# Wavemaker or not?



## kgmarsch

I purchased an Aquael Glossy 405L / 5Ft aquarium last December. I started it off with 2 already established Fluval U4 filters. A couple of weeks ago I got a Fluval FX6. I sill have the U4 filters in the tank (as well as the FX6) - they are at the "far end" of the tank and barely visible against the black background.

My question is, I want to maximise water flow in the tank to help move waste towards the filter out. Would replacing the 2 U4s with a wave maker be better at doing this, or is the extra filtration of the U4's more of a benefit.

The tank is stocked with mixed African Cichlids. Tests show that the water quality is close on perfect, I just want the natural flow of the tank to help me with keeping the floor of the tank clean.


----------



## glenngreen

I am interested in a discussion on this as well. I believe that more flow is nearly always better, but it does not all have to be done by the filters. Good flow will keep detritus suspended in the water so existing filters will catch it. I am thinking of a cross flow pump like a maxspect gyre. I'd like to hear from someone using one of these on a sand bed. I think the cichlids would benefit from the current, and the cleaner substrate.


----------



## DJRansome

There are ways to get flow and clean substrate without a wavemaker. And too much flow can exhaust the fish if they can't rest.

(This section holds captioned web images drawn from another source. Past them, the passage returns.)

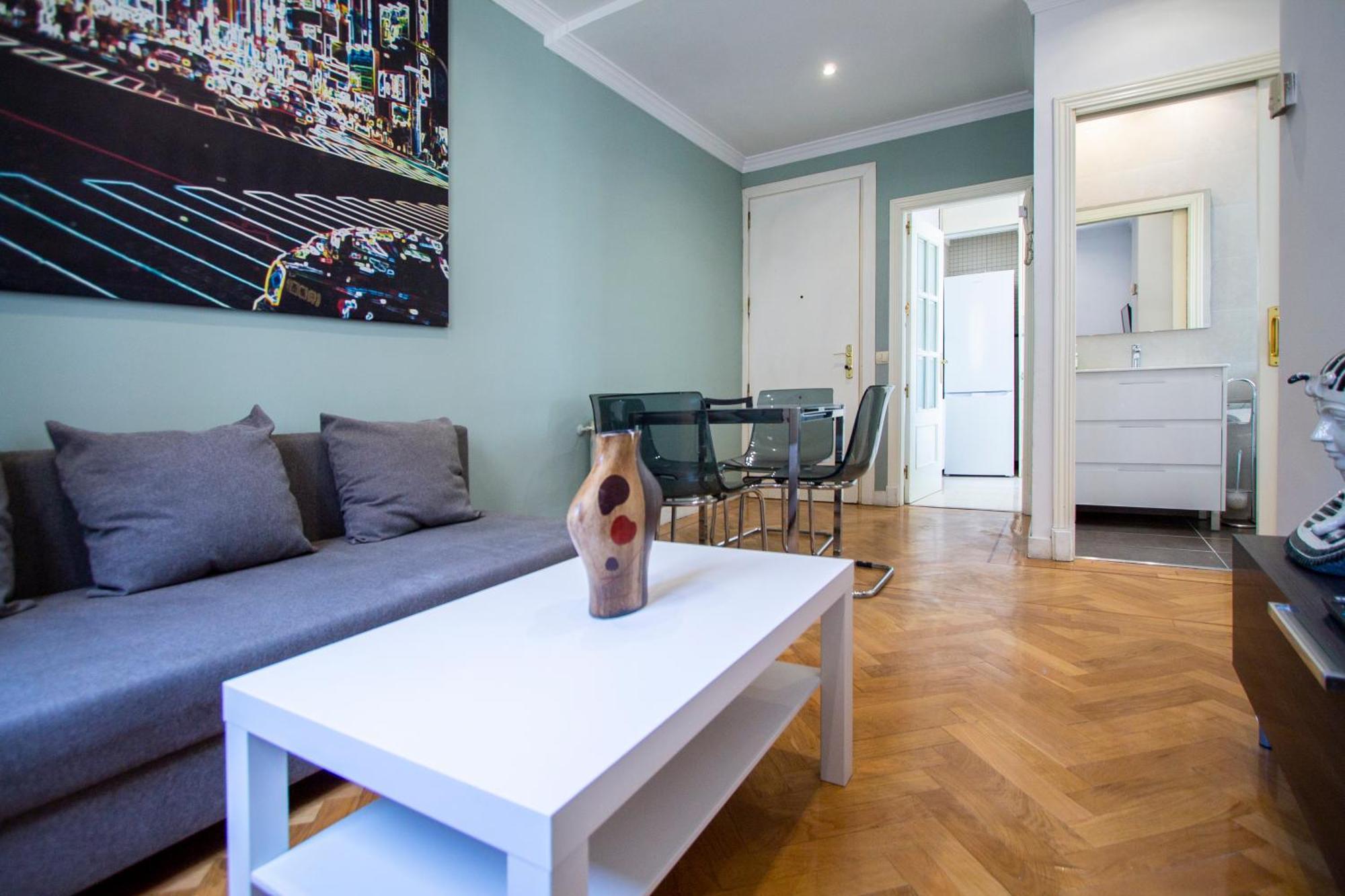 Apartamentos Dali Madrid Buitenkant foto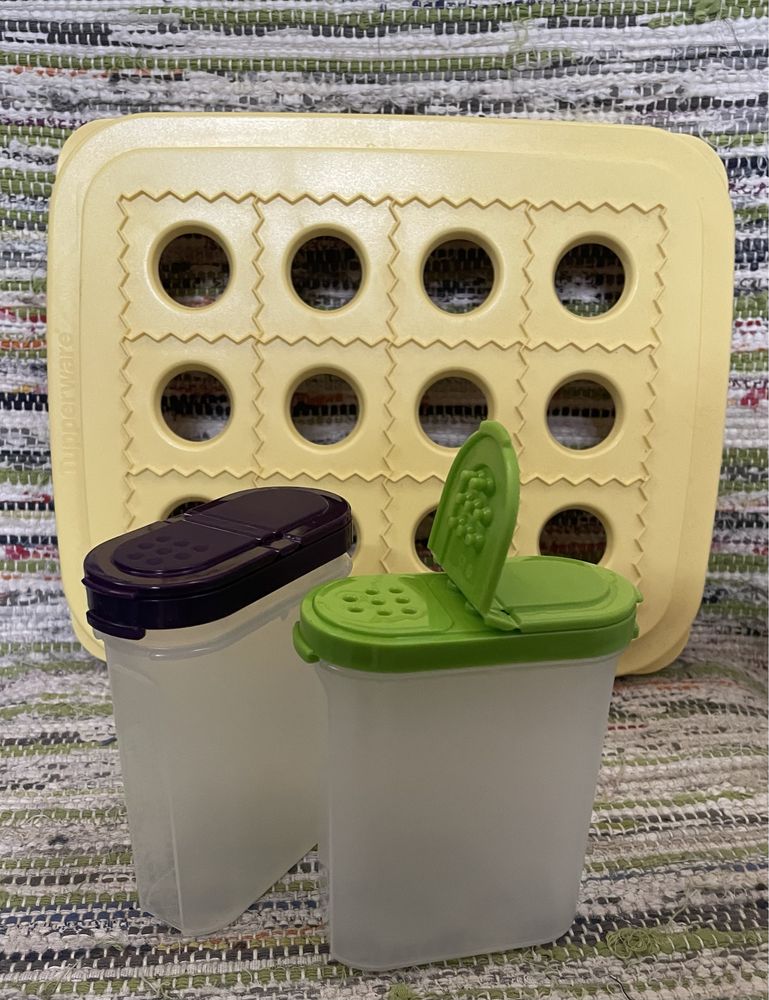 Мелкая посуда от  Tupperware для удобства на кухне.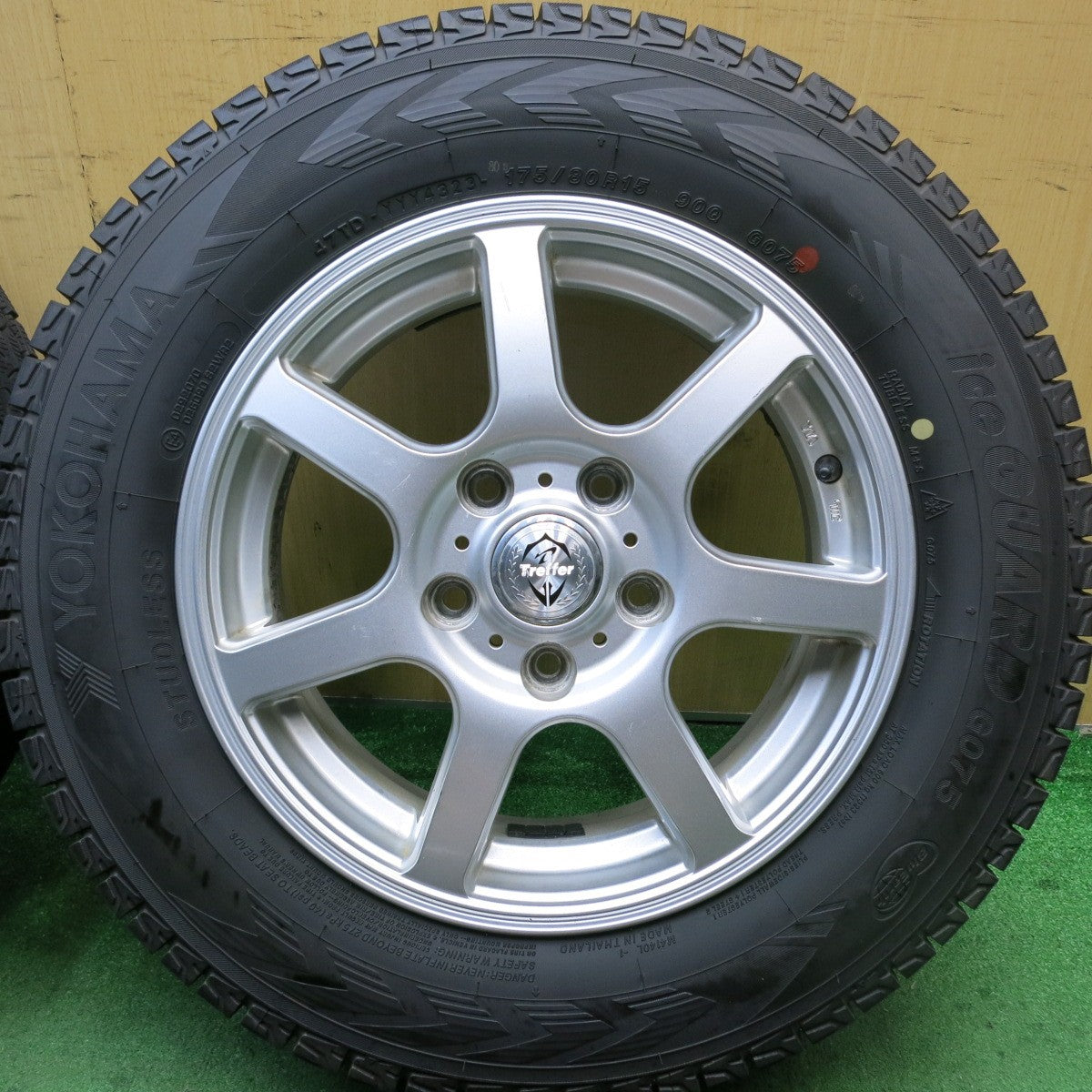バリ溝！23年！9.5分★スタッドレス 175/80R15 ヨコハマ アイスガード G075 Treffer トレファー 15インチ PCD114.3/5H★5070104HAス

I just use filtration, 8X to 10X GPH.


----------



## BlueSunshine

We use the IceCap 3K gyre pump on our 6' tank. It's been running for about 10 months now and is absolutely great. The tank has pool filter sand and aragonite sand for substrate. We run it at a lower speed during the night and higher speeds during the day. The constant speed settings are the only ones we use. 
Very glad we gave one a try. :thumb: :thumb:


----------



## The Morning

I find that my fish seem to enjoy swimming into the current and if they do get tired they can easily duck behind a rock or into a cave. Judging from your tank there is ample spaces that a rich could get out of the current. I run a canister on either end a a wave maker on one end. It definitely helps to keep water cleaner.


----------



## glenngreen

BlueSunshine said:


> We use the IceCap 3K gyre pump on our 6' tank. It's been running for about 10 months now and is absolutely great. The tank has pool filter sand and aragonite sand for substrate. We run it at a lower speed during the night and higher speeds during the day. The constant speed settings are the only ones we use.
> Very glad we gave one a try. :thumb: :thumb:


Can the IceCap be programmed for the two different constant speeds and the time for each, or do you adjust manually? I'm not familiar with how programmable the controller is for those. Also, how long have you had it and do you find it quiet or noisy?


----------



## BlueSunshine

glenngreen said:


> BlueSunshine said:
> 
> 
> 
> We use the IceCap 3K gyre pump on our 6' tank. It's been running for about 10 months now and is absolutely great. The tank has pool filter sand and aragonite sand for substrate. We run it at a lower speed during the night and higher speeds during the day. The constant speed settings are the only ones we use.
> Very glad we gave one a try. :thumb: :thumb:
> 
> 
> 
> Can the IceCap be programmed for the two different constant speeds and the time for each, or do you adjust manually? I'm not familiar with how programmable the controller is for those. Also, how long have you had it and do you find it quiet or noisy?
Click to expand...

You can set the speed from 10% to 100% in increments of 10%. There are 24 one hour periods you can set at the desired speed of your choice, it changes automatically. Also has a manual mode if that is what you choose to use. The feed time turns the unit off for 10 minutes then restarts to what ever mode it was in. The unit sits about two inches under the water line.
We use it in our 6' tank that sits in our living room, no problem with noise. Late at night when everyone and everything is quiet I can hear a slight hum, but then again I have very excellent hearing.


----------



## Steve C

I have two wavemakers in my 240g 6ft tank. My cichlids like them and IMO they help in many ways. One thing is they circulate heat in the tank evenly, another is when you drop food in I have my feeding port right over where the wavemaker is so the food goes through the whole tank and even the smaller fish have a chance to get some rather than just the bullies grabbing it as it falls straight down when there is no wavemaker. Then the obvious benefits such as helping to suspend waste so it gets picked up by the filter intakes.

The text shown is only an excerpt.